# Topeak Child Seat and Panniers? Options?



## chumbox (Jan 9, 2008)

Hey

Recently received a Topeak Child Seat with Rack (disc brake compatible if that matters) and have been looking at options but cannot figure out if there is a way I can attach panniers or some sort of small cargo bags to the rear rack while leaving the child seat on?

I know I could use handlebar bag or front racks but just trying to see what I can do putting weight behind me. It would only be for small commutes to supermarkets and the like with the little one. If I was ever going to heavily laden the bags for touring I wouldn't have the child on there.

Does this work and what are the options or is it going to overload the racks or be dangerous?

Thanks in advance


----------



## antonio (Jan 18, 2005)

Sorry, I know I'm not answering your question, but I truly believe that those behind the saddle child seats make the bike so unstable to the point of being dangerous. I can see how adding even more weight and further changing your center of gravity might make it even more dangerous.

Try a trailer or one of these:

http://www.weeride.com/


----------



## fixbikeguy (Aug 28, 2008)

I thought that those baby seats were no longer allowed to be used. I feel that they are unsafe as well. The first thing to hit the ground in the event of a crash is your child. I would recommend a trailer, then you can carry more stuff as well.


----------



## verslowrdr (Mar 22, 2004)

Child carrier seats are still manufactured and sold. However, a quick google of "seat vs trailer bike" will render pages of arguments back and forth.

Having hit the dirt and pavement enough times without help from a kid back behind us, we opted for a trailer. We also use our trailer to haul groceries, toys, picnic supplies, etc along. Kids being what they are, it can get to be quite a clutter back there- especially while they're still in diapers.

FWIW I just started using a trail-a-bike this weekend, and getting the kid on and off back there without tipping the whole rig over is still something of a trick.


----------



## traffic002 (Dec 16, 2008)

My pannier mounts to the top tube of the rack. So does the bike seat. I don't see how the 2 can be used together.

BTW, some good points about the bike seat hitting the ground first. I have a bike seat and think it gets the job done, but I don't particularly like it. Mostly it's for slow cruises. Judgement call on safety. But my road bike probably puts more of my weight forward on the bike than a mtn bike so I don't feel like I'll be doing wheelies as I climb uphill or anything.


----------



## slaw (Apr 6, 2004)

I've used a couple of sorts of rear mount kiddy seats. One was on old (German made?) Jockey which mounts to a clamp around the seat tube or seat post so does not require a rack. I was able to still use panniers on the rear rack, provided the seat was up high enough.

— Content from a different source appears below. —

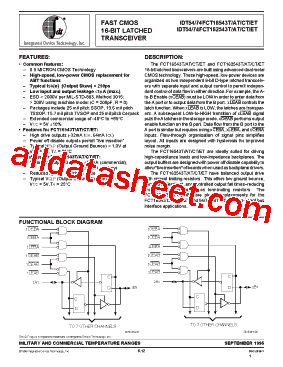 IDT54FCT16543T型号图片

Otherwise there wasn't enough clearance.

I also had a Rhode Gear rack mounted kiddy seat, so with that one I couldn't use panniers.

For both seats, when I was say doing a creche run, I'd strap a small backpack to the back of the seat. Never carried a lot like that. Just the usual stuff to take with a kid - change of clothes, some food, nappies and wipes...

I didn't find the weight an issue, but then I'm used to riding loaded touring bikes and tandems. I was always careful when resting the bike against a wall with kid in the seat. That is when it's most likely to topple over.

Also used a Burley trailer for two kids or longer rides.

Front mount kiddy seats are becoming more popular here in Oz, but the rear seats are still pretty common, even with the advent of cheaper trailers (One third of the dollar amount I paid for the Burley 10 years ago).


----------



## Tom_D (Feb 25, 2009)

I found you could hang a backpack on the seat itself. I used one for quite a while. My wife had the pannier pack on her bike, so most of the time she would cary the extra stuff. It does tend to shift the weight to the rear, so take it easy on the waters. But for diapers and a change of clothes it works great.


----------



## andres0540 (Sep 17, 2011)

Topeak child seats are not compatible with 29er bike just want to let everyone know...
I bought one last week and had to return it. The manual says compatible with 700cc tires but the 29er are a little fatter


----------